What John McCain didn't learn in Vietnam
As John McCain continues to insist that the war in Iraq is winnable, even if the US has to occupy the country for a hundred years, Joe Conason over at Salon has written a very interesting article about what McCain's Vietnam experience tells us about, not how he sees the past, but more importantly about how that vision of the past might provide a key to what a future McCain presidency might portend.
I have come across this insane argument before, that if America had been willing to fight harder and longer, then the Vietcong could have been defeated. In this mindset the deaths of 58,000 Americans and a million and a half Vietnamese - after sixteen long and bloody years - simply wasn't enough. The war should have gone on longer and more should have died.Indeed, what is most striking about McCain's attitude toward Vietnam is his insistence that we could have won -- that we should have won -- with more bombs and more casualties.

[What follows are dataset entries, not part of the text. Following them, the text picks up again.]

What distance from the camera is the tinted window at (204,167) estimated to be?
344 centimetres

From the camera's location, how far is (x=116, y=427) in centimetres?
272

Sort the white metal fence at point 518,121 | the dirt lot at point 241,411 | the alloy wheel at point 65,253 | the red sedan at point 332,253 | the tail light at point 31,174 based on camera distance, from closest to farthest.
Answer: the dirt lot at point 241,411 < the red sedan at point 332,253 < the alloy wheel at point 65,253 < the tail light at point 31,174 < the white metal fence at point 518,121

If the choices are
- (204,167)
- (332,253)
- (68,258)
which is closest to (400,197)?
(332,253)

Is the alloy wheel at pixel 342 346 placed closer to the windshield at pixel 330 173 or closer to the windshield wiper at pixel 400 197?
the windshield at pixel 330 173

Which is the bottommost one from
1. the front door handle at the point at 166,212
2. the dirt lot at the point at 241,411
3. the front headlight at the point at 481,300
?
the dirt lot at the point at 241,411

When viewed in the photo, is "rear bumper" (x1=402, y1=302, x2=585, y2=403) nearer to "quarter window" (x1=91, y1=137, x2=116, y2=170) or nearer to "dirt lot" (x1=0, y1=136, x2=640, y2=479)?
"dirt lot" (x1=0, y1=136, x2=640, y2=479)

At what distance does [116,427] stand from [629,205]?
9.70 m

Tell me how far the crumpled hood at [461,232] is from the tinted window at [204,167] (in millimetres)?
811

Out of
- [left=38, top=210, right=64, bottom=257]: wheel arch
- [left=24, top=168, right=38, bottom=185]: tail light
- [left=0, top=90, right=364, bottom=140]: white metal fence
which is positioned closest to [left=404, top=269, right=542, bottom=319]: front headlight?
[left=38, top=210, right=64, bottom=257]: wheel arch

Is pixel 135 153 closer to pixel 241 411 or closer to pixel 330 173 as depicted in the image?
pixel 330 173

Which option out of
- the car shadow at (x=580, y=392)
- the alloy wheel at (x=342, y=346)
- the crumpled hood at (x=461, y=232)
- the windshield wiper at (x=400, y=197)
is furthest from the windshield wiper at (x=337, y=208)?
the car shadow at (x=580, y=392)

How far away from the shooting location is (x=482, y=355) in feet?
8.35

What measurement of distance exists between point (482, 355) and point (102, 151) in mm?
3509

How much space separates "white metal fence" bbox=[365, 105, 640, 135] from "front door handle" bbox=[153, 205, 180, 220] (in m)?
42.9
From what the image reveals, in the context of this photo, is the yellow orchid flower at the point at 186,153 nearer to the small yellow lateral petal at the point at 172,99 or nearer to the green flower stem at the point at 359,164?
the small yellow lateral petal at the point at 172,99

In 1998, he spoke on the 30th anniversary of the Tet Offensive. "Like a lot of Vietnam veterans, I believed and still believe that the war was winnable," he said. "I do not believe that it was winnable at an acceptable cost in the short or probably even the long term using the strategy of attrition which we employed there to such tragic results. I do believe that had we taken the war to the North and made full, consistent use of air power in the North, we ultimately would have prevailed." Five years later, he said much the same thing to the Council on Foreign Relations. "We lost in Vietnam because we lost the will to fight, because we did not understand the nature of the war we were fighting, and because we limited the tools at our disposal."
Very few military historians agree with McCain's bitter analysis, which suggests that a ground invasion and an even more destructive bombing campaign, with an unimaginable cost in human life, would have achieved an American victory. But perhaps because he is obsessed by the humiliation of defeat -- which fell directly on his father, Adm. John S. McCain Jr., who served as the commander in chief of Pacific forces during the Vietnam conflict -- the former prisoner of war seemingly can formulate neither a rational assessment of that war's enormous costs nor of its flawed premises and purposes.

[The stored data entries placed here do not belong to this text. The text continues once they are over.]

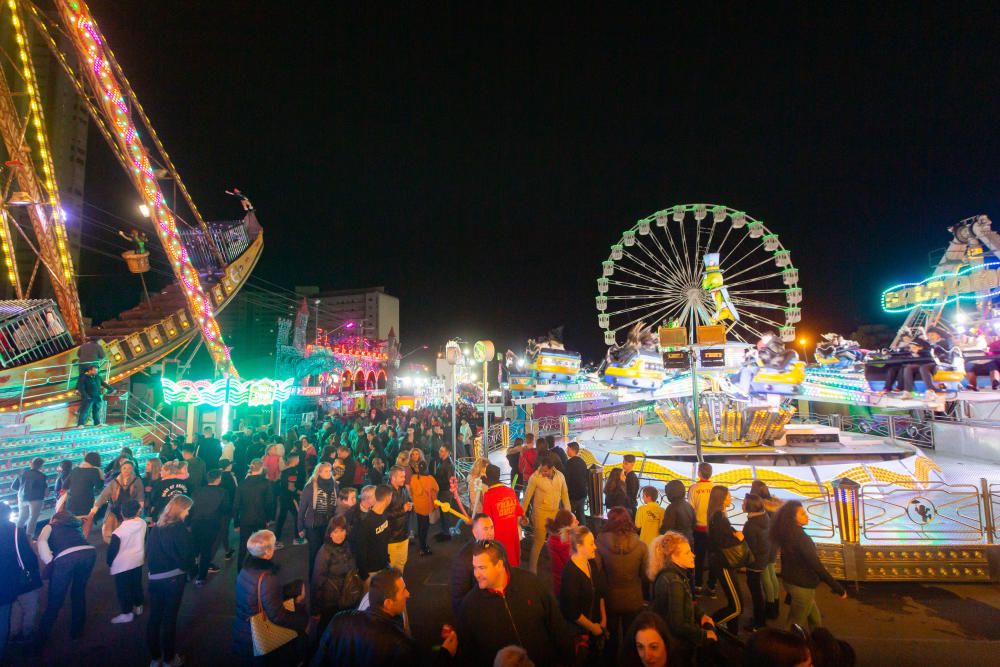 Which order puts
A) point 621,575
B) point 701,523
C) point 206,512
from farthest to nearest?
1. point 701,523
2. point 206,512
3. point 621,575

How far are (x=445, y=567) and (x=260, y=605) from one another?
402 centimetres

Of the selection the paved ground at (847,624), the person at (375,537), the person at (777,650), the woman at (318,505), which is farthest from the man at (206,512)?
the person at (777,650)

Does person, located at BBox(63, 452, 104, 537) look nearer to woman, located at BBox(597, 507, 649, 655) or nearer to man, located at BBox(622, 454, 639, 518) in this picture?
woman, located at BBox(597, 507, 649, 655)

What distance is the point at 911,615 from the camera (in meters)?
5.51

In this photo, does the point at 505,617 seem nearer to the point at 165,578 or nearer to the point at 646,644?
the point at 646,644

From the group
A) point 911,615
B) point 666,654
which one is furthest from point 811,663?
point 911,615

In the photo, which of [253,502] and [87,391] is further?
[87,391]

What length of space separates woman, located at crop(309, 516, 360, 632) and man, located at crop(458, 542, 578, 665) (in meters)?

It's an argument for victory that, whilst immoral in it's dismissal of the sheer cost in human life of continuing the Vietnam war, it also presupposes that the Vietnam war was a noble war that was worth fighting in the first place. In much the same way as McCain makes that erroneous assumption about the Iraq war.
In the case of Vietnam we were told that the collapse of south Vietnam would lead to "a domino effect" across the region with country's falling to Communist rule. In the end, the south fell... and nothing happened. No domino effect took place.

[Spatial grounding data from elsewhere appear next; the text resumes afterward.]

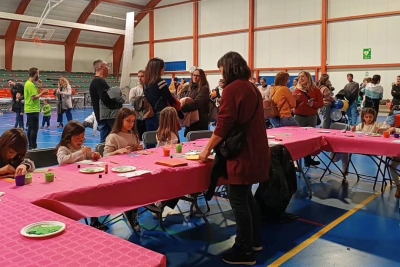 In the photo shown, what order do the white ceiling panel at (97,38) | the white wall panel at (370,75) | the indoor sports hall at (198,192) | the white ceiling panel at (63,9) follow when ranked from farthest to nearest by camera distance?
the white ceiling panel at (97,38) → the white ceiling panel at (63,9) → the white wall panel at (370,75) → the indoor sports hall at (198,192)

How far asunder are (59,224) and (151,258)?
517 millimetres

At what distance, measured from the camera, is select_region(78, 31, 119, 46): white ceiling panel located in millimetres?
23016

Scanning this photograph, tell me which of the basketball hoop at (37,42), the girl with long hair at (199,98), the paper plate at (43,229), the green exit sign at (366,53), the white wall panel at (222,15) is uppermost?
the white wall panel at (222,15)

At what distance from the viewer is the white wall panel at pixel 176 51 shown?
Result: 20.8m

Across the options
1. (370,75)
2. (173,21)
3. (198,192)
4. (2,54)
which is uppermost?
(173,21)

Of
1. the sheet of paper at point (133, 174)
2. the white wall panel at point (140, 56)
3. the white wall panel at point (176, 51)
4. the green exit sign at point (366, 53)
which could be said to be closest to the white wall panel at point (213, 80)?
the white wall panel at point (176, 51)

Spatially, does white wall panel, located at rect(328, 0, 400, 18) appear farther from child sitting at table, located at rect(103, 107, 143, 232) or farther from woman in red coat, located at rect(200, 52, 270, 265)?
woman in red coat, located at rect(200, 52, 270, 265)

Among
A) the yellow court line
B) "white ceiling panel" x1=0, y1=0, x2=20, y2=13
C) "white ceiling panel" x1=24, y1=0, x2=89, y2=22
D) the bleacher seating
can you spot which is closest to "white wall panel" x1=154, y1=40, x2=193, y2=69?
the bleacher seating

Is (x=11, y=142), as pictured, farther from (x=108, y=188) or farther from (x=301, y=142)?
(x=301, y=142)

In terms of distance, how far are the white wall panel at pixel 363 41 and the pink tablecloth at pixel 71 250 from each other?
594 inches

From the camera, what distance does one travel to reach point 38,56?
2202 centimetres

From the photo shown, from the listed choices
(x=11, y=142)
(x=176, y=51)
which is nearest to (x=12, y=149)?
(x=11, y=142)

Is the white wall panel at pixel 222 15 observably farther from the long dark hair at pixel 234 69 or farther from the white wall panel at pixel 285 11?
the long dark hair at pixel 234 69

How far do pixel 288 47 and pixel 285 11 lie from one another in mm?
1591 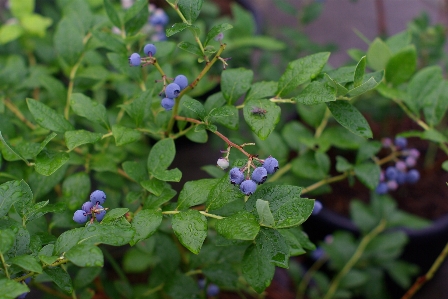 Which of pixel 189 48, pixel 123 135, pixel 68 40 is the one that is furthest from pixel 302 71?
pixel 68 40

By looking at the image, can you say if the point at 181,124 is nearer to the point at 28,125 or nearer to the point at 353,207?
the point at 28,125

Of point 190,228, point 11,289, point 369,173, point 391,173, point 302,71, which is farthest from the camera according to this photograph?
point 391,173

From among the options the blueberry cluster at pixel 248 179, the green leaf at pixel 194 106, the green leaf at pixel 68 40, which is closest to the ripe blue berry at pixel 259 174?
the blueberry cluster at pixel 248 179

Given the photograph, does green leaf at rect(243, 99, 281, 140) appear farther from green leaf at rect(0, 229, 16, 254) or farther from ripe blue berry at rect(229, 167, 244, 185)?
green leaf at rect(0, 229, 16, 254)

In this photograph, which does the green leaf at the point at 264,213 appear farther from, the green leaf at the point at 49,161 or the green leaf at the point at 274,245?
the green leaf at the point at 49,161

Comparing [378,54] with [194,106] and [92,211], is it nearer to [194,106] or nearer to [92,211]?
[194,106] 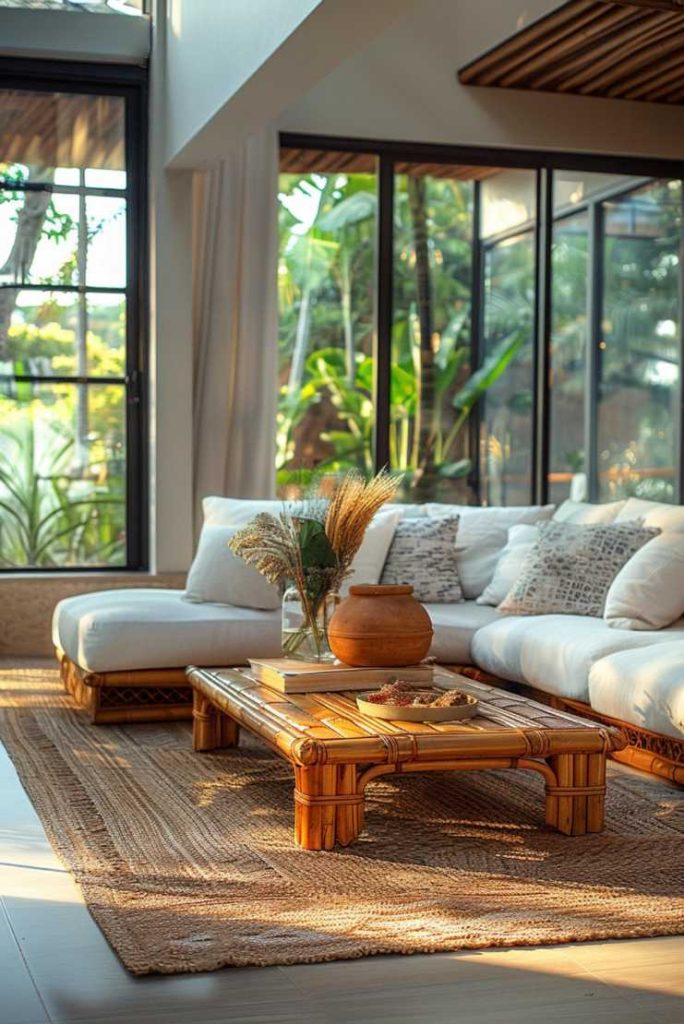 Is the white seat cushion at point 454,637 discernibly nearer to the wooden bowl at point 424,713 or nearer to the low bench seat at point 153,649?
the low bench seat at point 153,649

McCain has famously said that the US should only go to war where her vital interests are at stake, and cites this as one of the lessons learned from Vietnam.
But, just as the Gulf of Tolkin incident was manufactured, the Iraqi WMD - which were supposedly the reason why Saddam had to be invaded - have also turned out to be entirely bogus, and yet neither seems to effect McCain's view of either conflict.
He appears to think that war is noble for the simple reason that America is involved in it and that American victory matters more than any price in human life that such a victory might cost.
That's what he argued about Vietnam and that is what he continues to argue about Iraq.
But underneath it all, there is something that he hasn't learned. Some wars are simply bad wars.
WWI and WWII were noble wars fought for a good cause. Vietnam was not and neither was Iraq. McCain is simply unable to make that distinction. Which is why, at this moment in American history, he simply lacks the vision which America needs to correct a historic mistake.
His lesson from Vietnam is that the US should have stayed longer and lost more American and Vietnamese lives. He now wants to apply that crackpot theory to Iraq.
He was wrong then and he is wrong now. Hopefully, most Americans will realise this and prevent him from getting anywhere near the White House.